__Short web captions__
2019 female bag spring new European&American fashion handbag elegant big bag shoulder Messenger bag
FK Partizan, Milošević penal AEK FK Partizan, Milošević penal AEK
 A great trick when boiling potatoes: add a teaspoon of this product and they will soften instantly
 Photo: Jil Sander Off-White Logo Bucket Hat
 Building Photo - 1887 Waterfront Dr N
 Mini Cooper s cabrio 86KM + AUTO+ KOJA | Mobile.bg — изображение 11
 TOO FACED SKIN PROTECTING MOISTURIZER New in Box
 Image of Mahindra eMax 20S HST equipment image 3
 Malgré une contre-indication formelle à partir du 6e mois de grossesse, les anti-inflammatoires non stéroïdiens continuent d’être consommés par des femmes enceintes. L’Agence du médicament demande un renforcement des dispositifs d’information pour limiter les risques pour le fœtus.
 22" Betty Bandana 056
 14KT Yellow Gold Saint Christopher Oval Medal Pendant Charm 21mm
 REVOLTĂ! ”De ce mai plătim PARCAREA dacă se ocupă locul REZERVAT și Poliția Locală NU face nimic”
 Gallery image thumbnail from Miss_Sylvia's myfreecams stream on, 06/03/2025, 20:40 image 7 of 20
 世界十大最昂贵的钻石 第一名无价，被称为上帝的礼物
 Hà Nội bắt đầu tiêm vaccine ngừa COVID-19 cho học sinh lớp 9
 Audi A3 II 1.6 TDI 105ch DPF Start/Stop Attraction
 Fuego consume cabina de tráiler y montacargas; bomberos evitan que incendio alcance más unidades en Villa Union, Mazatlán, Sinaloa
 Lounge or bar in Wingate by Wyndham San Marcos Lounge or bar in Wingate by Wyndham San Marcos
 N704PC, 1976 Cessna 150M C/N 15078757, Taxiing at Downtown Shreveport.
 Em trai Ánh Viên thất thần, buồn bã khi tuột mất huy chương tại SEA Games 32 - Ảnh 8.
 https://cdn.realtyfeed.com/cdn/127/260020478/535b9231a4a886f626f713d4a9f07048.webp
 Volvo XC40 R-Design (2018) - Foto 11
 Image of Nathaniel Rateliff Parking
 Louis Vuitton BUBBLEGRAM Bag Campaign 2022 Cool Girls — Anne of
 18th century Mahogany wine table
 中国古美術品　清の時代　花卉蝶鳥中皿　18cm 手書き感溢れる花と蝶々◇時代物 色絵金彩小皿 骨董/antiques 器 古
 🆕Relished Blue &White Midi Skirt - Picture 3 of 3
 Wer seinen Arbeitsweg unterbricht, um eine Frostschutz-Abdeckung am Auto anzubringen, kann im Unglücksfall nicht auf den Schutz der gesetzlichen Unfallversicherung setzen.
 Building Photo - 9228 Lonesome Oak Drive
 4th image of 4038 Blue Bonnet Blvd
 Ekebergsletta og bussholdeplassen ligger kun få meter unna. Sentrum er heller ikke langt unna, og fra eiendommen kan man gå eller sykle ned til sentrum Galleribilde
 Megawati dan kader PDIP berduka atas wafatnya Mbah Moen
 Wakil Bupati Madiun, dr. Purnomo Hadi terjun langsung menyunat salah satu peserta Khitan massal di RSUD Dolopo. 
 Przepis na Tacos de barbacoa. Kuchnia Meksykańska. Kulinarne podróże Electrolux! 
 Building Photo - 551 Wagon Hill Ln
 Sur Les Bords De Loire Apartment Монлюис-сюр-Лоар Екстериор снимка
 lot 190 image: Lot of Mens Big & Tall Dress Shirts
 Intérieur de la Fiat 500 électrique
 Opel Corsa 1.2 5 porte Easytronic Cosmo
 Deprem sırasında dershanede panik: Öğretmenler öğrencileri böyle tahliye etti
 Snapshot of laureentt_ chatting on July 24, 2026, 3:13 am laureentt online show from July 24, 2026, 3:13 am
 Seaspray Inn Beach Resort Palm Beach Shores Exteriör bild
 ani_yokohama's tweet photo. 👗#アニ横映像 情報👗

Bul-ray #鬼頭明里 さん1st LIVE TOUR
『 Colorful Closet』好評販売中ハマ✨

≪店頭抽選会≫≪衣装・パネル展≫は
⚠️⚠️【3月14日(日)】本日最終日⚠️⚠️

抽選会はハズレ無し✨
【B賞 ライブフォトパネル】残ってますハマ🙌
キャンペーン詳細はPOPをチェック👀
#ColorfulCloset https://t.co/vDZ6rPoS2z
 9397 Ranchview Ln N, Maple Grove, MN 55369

__Directions for this task__
All lines of the data that hold "White" need to be copied.

__Solution for this problem__
 Photo: Jil Sander Off-White Logo Bucket Hat
 🆕Relished Blue &White Midi Skirt - Picture 3 of 3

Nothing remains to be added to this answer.